4 Noise Scales

4.1 The problem with naïve score approximation

With a score function approximator, we have one small issue: in regions of low sample density, our estimate of the score function will be inaccurate, simply because we have few samples in those regimes. To get around this, we can:

perturb data points with noise and train score-based models on the noisy data points instead. When the noise magnitude is sufficiently large, it can populate low data density regions to improve the accuracy of estimated scores.

There is a huge tradeoff here, though: the larger the amount of perturbation, the greater the corruption of the input data. Let’s see that in action.

As always, we’ll start by generating some mixture Gaussian data.

Code

from jax import random, vmap
import jax.numpy as np 
import matplotlib.pyplot as plt
import numpy as onp 
import seaborn as sns 

def ecdf(data):
    x, y = np.sort(data), np.arange(1, len(data) + 1) / len(data)
    return x, y

key = random.PRNGKey(45)
k1, k2, k3 = random.split(key, 3)

locations = [-15, 0, 15]

mix1 = random.normal(k1, shape=(1000,)) * 1 + locations[0]
mix2 = random.normal(k2, shape=(500,)) * 1 + locations[1]
mix3 = random.normal(k2, shape=(500,)) * 1 + locations[2]

data = np.concatenate([mix1, mix2, mix3]).reshape(-1, 1)

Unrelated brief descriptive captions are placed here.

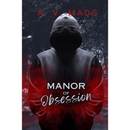 Manor of Obsession By A. V. Mads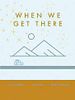 Cartel de When We Get There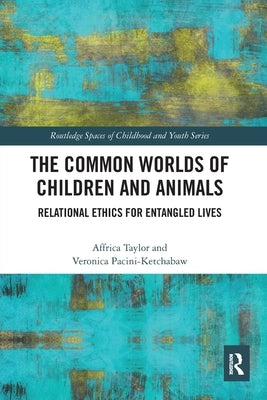 The Common Worlds of Children and Animals: Relational Ethics for Entangled Lives by Taylor, Affrica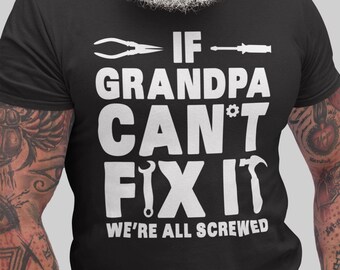 Camiseta "Si el abuelo no puede arreglarlo, estamos todos jodidos", camiseta divertida para el abuelo, camiseta para el Día del Padre, regalos divertidos para el abuelo, regalo divertido para la camiseta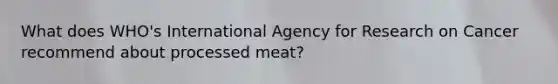 What does WHO's International Agency for Research on Cancer recommend about processed meat?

fig, axes = plt.subplots(figsize=(8, 4), ncols=2, sharex=True)

plt.sca(axes[0])
plt.hist(onp.array(data), bins=100)
plt.xlabel("Support")
plt.title("Histogram")

plt.sca(axes[1])
plt.plot(*ecdf(data.flatten()))
plt.xlabel("Support")
plt.ylabel("Cumulative Fraction")
plt.title("ECDF")

sns.despine()

Figure 4.1: Histogram and ECDF of two-component mixture Gaussian data.

In this case, we have intentionally spaced out the Gaussians to create a region of extremely low density (in the approximate region \((-5, 4)\)). As we’ll see later, in this region, the gradients will be really hard to estimate, and the errors in this region may be pretty large.

Next up, we’re going to perturb that data. What we do here is add standard Gaussian draws to each data point over 5 noising steps. Progressively, the draws should converge on a very smooth Gaussian.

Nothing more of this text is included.